> [WHAT YOU WILL DO]: Please take the lines from the one holding "Tema 20 comunicación asertiva" through the one holding "How to Find" in the data below and copy them exactly.

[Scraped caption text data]
++++++++
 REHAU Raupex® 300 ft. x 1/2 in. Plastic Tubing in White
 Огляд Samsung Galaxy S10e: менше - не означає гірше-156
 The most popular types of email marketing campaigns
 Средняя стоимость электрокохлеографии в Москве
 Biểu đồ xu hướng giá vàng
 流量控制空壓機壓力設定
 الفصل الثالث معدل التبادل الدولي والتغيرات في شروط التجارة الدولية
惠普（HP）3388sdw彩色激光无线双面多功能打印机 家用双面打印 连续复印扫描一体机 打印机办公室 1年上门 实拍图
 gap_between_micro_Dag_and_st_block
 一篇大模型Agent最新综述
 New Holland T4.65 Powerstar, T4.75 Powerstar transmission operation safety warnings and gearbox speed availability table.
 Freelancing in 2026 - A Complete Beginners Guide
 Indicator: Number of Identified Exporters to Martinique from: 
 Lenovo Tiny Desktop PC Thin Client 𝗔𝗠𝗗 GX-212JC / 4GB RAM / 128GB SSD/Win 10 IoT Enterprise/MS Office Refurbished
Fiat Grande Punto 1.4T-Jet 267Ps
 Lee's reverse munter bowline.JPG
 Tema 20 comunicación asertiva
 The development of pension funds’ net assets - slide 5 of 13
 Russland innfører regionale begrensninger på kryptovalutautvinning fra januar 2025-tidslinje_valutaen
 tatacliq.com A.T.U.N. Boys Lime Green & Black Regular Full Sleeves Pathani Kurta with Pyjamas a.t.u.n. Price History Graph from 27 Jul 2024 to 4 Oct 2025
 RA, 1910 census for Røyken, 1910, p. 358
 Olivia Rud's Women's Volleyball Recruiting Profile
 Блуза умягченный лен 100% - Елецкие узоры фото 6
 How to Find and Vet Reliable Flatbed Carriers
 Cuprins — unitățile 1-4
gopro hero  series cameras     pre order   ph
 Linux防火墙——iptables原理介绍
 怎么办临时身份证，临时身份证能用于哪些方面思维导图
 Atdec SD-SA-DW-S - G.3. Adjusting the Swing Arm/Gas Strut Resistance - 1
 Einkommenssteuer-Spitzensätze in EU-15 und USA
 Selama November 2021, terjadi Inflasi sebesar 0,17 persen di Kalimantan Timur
++++++++
> [RESPONSE]:
 Tema 20 comunicación asertiva
 The development of pension funds’ net assets - slide 5 of 13
 Russland innfører regionale begrensninger på kryptovalutautvinning fra januar 2025-tidslinje_valutaen
 tatacliq.com A.T.U.N. Boys Lime Green & Black Regular Full Sleeves Pathani Kurta with Pyjamas a.t.u.n. Price History Graph from 27 Jul 2024 to 4 Oct 2025
 RA, 1910 census for Røyken, 1910, p. 358
 Olivia Rud's Women's Volleyball Recruiting Profile
 Блуза умягченный лен 100% - Елецкие узоры фото 6
 How to Find and Vet Reliable Flatbed Carriers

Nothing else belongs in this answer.